In Imladris the events of the world were followed closely, even as one of the chapters of the tale that was to come found its start in the peaceful valley; for here it was that Arwen met the mortal man which brought her fate upon her. The daughter of Elrond betrothed herself to Estel, the last son of Elros’ line, and it was with both joy and grief that those around them greeted the announcement.
Of the years that later were to come not much need be said, for small was the part of the elves of Imladris in the bigger events of the world. War came to Arda with the resurfacing of the One Ring and, on the borders of the valley, enemies once again set their forces, yet the biggest battle of those days was fought by two periannath on the way to Mordor.
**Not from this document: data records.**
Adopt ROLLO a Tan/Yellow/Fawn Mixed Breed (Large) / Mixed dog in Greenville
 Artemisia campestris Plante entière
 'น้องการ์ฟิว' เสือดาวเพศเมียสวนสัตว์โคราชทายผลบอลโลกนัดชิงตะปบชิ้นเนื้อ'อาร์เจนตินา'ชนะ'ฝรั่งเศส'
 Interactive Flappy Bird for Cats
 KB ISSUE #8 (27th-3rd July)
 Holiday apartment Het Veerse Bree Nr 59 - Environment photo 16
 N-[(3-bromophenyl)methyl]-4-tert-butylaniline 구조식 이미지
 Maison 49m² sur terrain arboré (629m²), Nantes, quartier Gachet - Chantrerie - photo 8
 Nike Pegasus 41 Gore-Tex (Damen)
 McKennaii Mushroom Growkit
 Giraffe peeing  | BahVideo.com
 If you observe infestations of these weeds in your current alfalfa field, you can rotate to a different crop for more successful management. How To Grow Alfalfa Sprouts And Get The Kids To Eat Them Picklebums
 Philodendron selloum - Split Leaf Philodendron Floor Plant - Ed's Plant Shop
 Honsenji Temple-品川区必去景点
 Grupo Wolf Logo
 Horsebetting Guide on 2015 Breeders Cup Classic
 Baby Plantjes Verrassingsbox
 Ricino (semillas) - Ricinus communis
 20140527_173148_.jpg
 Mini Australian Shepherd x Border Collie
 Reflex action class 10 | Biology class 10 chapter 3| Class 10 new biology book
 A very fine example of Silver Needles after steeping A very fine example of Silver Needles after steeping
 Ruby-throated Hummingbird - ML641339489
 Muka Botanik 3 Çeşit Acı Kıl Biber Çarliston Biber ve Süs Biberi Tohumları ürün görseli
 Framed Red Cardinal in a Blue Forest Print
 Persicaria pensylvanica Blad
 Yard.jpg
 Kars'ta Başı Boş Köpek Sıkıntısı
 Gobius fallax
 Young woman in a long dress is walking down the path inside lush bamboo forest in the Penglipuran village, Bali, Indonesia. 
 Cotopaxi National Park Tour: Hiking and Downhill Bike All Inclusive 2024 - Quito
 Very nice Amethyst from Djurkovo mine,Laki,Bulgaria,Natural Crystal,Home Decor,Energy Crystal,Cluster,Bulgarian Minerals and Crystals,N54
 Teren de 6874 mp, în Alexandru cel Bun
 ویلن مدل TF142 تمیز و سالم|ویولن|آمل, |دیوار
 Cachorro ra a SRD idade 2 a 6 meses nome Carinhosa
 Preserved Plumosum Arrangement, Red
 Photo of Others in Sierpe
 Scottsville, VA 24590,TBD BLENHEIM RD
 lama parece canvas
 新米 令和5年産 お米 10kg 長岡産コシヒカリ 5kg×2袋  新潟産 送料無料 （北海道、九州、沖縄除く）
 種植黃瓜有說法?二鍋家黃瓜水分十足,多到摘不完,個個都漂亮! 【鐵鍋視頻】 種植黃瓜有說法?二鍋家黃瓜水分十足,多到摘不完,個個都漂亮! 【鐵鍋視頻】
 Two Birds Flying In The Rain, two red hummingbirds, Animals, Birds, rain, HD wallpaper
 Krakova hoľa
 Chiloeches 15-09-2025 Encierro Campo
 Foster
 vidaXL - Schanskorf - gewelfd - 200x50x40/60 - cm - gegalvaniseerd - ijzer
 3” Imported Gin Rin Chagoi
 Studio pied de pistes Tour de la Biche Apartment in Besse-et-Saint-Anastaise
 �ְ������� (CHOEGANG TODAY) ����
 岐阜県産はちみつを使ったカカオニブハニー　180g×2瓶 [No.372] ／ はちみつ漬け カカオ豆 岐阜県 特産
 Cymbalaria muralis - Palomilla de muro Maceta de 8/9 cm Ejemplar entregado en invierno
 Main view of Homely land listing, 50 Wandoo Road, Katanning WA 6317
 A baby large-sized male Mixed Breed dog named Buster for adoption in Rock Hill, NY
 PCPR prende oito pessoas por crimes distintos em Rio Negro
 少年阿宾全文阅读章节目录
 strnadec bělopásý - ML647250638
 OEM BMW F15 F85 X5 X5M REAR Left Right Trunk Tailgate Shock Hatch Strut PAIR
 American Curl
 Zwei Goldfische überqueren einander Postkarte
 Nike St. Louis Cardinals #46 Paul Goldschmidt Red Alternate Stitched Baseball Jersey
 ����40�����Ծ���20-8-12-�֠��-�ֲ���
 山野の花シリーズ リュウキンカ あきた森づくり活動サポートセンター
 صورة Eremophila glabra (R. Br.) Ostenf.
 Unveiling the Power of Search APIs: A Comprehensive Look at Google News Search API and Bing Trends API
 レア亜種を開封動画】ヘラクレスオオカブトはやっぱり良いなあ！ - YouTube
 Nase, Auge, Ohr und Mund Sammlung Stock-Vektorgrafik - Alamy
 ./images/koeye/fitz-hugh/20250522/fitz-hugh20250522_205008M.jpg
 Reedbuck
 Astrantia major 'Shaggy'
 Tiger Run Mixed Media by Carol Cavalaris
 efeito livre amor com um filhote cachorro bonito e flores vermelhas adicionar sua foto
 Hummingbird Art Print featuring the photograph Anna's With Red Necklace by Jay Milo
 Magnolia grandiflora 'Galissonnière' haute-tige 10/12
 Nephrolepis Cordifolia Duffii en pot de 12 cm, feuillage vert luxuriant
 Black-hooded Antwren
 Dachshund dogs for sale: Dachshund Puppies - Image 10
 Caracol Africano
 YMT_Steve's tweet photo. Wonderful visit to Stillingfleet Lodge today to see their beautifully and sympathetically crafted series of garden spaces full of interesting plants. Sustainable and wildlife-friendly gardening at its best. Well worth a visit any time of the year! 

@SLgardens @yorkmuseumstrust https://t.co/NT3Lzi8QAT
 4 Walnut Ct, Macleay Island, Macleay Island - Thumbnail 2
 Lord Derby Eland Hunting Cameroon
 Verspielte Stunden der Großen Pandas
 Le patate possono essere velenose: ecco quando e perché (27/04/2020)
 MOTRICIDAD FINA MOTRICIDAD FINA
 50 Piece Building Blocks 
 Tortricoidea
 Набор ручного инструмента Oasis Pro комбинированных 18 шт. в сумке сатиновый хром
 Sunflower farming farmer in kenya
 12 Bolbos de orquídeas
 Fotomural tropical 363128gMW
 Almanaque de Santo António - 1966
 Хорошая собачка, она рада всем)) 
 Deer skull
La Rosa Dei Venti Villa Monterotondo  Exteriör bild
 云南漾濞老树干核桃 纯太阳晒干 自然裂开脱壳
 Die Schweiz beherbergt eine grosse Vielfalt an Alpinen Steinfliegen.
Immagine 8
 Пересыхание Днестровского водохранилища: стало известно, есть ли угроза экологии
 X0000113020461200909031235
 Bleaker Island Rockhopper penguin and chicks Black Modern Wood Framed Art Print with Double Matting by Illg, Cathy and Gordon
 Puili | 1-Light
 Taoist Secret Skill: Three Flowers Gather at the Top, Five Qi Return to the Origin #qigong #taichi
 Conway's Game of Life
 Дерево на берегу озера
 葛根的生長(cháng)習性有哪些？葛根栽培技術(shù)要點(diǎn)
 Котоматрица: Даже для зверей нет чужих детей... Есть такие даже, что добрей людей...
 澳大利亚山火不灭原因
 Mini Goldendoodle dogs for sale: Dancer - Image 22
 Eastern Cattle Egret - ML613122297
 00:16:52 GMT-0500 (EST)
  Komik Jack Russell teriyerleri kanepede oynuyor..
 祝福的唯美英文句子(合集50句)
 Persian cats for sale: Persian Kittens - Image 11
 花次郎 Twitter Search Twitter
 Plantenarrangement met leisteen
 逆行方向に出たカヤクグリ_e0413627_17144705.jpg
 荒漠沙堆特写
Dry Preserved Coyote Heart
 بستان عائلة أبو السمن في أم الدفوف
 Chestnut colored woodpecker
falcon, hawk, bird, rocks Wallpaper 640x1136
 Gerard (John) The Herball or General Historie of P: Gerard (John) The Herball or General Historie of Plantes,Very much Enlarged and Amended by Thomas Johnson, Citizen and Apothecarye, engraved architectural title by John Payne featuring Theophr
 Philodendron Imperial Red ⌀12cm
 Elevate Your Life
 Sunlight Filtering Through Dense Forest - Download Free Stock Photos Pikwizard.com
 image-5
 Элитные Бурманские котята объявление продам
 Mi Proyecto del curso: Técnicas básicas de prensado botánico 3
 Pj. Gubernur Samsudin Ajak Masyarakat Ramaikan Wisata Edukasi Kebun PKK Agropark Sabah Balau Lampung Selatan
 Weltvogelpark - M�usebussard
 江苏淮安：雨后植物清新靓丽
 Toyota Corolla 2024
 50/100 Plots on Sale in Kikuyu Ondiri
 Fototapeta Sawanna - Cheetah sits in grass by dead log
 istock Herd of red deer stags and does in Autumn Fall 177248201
Dawn crept into the room as silence fell. Tears had painted silvery lines on many of the faces in the room as the spell had drawn them in. It was all told now, all laid bare and open. Glorfindel blinked the dryness out of his eyes as thoughts tumbled in his head. His heart ached for Erestor’s suffering and he renewed his curses against parents that had left their son with nothing but a feeling of guilt that was about to kill him. He buried his hand deeper in the raven hair and felt Erestor’s cheek rub against his knee as the head limply fell forwards. Glorfindel’s soul froze.
The sound of his voice made the others jerk and turn towards them. Carefully supporting Erestor, he slid down on the floor at the same time as Elrond reached them. Glorfindel gathered the limp body in his arms and stared in horror as the raven head tilted over his arm, revealing black eyes staring emptily at the ceiling.